That implies I've been in St. Louis more often than not at some point. (HA HA HA.)
Aside from snide comments, I've been in/with St. Louis in spirit as of late--been watching some Cardinals Baseball. It's become the other thing I watch on TV other than anime.
Example of Directions you MIGHT get from the Meddle Hizzy:
1. Take I-55 S to the Pevely Exit
2. Turn LEFT off the Exit
4. Keep going STRAIGHT until the road becomes unpaved
5. Get lost
6. When you come to a cow with a brown patch over his LEFT eye, drive around him five to six times and drive fifty miles bearing somewhere between southwest and northwest
7. Go up
8. Bake for 15 - 30 mins until golden brown (wtf?)

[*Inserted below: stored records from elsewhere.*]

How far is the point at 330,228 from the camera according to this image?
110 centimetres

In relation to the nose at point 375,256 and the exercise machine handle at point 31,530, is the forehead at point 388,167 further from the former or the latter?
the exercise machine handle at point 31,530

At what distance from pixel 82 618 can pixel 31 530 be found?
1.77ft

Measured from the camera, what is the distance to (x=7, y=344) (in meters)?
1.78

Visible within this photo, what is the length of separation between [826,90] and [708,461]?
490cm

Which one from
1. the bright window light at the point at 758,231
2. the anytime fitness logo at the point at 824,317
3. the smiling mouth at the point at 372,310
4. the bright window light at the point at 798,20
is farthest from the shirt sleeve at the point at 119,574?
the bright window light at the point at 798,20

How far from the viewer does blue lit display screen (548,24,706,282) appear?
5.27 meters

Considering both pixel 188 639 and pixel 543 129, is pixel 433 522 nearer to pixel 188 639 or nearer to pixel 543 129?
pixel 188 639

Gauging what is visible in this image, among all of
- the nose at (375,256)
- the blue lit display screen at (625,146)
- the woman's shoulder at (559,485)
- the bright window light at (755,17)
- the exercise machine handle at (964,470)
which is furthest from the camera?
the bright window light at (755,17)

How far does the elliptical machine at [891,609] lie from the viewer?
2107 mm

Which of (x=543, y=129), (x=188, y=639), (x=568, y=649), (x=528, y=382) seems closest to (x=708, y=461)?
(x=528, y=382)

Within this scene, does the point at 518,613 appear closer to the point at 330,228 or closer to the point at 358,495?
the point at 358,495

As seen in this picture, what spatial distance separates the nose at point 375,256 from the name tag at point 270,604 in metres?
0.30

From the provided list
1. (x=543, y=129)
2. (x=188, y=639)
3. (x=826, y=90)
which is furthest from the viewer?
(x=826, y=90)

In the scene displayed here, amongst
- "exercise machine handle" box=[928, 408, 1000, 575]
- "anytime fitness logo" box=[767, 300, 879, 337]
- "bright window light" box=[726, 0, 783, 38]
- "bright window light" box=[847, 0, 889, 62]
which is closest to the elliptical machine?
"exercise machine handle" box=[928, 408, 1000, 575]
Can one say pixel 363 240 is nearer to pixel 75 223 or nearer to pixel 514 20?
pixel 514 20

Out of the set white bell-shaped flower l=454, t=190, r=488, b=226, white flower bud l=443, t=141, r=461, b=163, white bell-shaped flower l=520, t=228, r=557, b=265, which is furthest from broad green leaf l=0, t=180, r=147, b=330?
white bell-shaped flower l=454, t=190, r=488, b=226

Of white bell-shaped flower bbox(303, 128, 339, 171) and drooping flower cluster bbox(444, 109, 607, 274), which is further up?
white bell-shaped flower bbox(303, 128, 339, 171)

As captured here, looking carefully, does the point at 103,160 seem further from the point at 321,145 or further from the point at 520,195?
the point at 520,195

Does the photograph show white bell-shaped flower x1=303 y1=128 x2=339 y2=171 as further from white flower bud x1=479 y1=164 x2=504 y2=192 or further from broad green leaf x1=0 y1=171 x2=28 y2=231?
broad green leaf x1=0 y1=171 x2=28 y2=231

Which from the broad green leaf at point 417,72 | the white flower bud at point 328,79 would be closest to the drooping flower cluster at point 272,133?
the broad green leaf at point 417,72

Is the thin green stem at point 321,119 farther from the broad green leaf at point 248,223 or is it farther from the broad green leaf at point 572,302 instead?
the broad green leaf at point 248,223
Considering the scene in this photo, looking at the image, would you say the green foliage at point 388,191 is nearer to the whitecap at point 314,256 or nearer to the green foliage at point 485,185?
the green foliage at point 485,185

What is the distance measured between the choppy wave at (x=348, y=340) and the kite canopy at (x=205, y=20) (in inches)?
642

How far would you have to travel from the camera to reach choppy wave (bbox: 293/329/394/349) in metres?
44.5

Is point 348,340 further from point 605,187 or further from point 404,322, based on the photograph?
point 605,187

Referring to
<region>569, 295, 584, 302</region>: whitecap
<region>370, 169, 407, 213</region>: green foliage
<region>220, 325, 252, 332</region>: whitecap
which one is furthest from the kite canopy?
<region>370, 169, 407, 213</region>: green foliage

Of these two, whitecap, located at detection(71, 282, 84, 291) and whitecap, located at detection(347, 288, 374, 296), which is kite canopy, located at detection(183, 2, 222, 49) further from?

9. Put your vehicle in reverse, put a blindfold on, and pretend like you're running the Indy 500 (don't worry; at this point, there's nothing and no one around for miles to plow into)

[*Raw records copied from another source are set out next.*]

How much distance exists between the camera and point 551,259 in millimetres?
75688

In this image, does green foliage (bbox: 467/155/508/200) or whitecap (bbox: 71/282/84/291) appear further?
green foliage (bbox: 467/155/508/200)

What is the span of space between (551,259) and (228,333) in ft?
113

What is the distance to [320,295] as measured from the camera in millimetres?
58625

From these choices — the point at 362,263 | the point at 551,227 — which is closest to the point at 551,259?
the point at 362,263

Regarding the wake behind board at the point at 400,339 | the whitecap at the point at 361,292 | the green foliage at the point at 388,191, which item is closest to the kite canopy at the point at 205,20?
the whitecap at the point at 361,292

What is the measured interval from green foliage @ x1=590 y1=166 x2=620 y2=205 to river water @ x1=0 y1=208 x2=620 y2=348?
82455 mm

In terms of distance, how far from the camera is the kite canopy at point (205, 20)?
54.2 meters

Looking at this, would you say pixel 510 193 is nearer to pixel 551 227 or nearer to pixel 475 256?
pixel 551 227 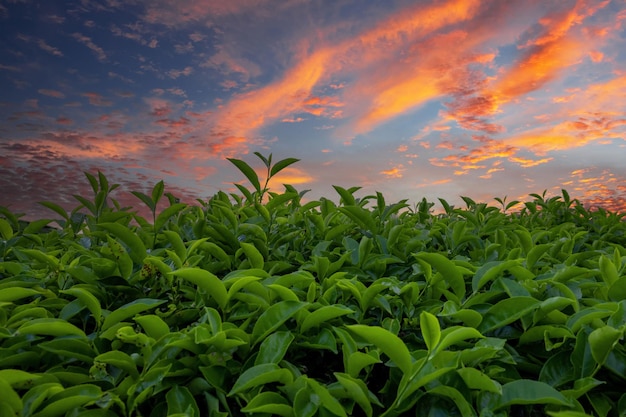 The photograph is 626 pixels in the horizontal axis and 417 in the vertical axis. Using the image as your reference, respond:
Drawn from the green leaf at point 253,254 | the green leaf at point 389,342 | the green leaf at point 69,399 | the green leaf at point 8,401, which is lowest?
the green leaf at point 69,399

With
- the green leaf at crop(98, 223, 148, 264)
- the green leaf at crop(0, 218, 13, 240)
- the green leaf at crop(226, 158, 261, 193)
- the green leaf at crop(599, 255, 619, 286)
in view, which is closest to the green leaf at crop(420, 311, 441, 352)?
the green leaf at crop(599, 255, 619, 286)

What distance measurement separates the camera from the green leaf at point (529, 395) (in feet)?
4.98

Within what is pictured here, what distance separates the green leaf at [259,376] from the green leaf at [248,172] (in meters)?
1.63

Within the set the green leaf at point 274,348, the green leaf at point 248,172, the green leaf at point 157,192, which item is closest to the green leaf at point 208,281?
the green leaf at point 274,348

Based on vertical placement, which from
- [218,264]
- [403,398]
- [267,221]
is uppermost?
[267,221]

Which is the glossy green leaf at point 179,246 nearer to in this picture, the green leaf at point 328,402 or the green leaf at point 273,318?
the green leaf at point 273,318

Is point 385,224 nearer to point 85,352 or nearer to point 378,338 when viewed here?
point 378,338

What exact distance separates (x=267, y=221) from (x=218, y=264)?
1.67 ft

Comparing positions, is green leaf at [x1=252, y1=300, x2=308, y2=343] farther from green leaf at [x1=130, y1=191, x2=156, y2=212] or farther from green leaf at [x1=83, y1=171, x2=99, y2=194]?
green leaf at [x1=83, y1=171, x2=99, y2=194]

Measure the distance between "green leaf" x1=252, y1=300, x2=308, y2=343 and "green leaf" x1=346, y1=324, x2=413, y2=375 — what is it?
30 centimetres

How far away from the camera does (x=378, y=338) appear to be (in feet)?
4.98

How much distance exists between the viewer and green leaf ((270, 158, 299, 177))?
124 inches

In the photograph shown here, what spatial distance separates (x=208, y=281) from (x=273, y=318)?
0.28m

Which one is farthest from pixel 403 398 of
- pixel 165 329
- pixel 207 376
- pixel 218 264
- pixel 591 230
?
pixel 591 230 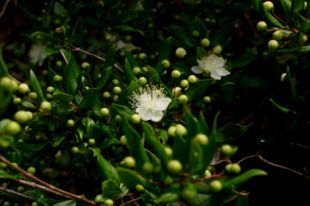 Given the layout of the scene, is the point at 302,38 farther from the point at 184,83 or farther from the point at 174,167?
the point at 174,167

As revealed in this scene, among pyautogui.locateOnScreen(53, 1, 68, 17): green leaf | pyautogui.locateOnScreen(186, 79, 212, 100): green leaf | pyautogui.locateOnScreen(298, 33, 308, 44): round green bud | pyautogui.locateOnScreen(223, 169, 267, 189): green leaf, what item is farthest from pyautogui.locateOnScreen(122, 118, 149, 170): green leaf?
pyautogui.locateOnScreen(53, 1, 68, 17): green leaf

10. There will be a guy standing on the side of road on Mondays and alternate Thursdays sometime between 5:17 AM and 6:37 PM. When he shows up, make a counter-clockwise U-turn, five clockwise half-turns, and swerve back and forth for ten minutes; then go RIGHT
11. Starve to death while futily trying to find out where the fuck you are and how to get back
(Just giving you shit, M.H.)
Hizzy has PV's number on that one...
That's like asking if the strippers ever get horny and just fuck you. Sheesh...what a yak.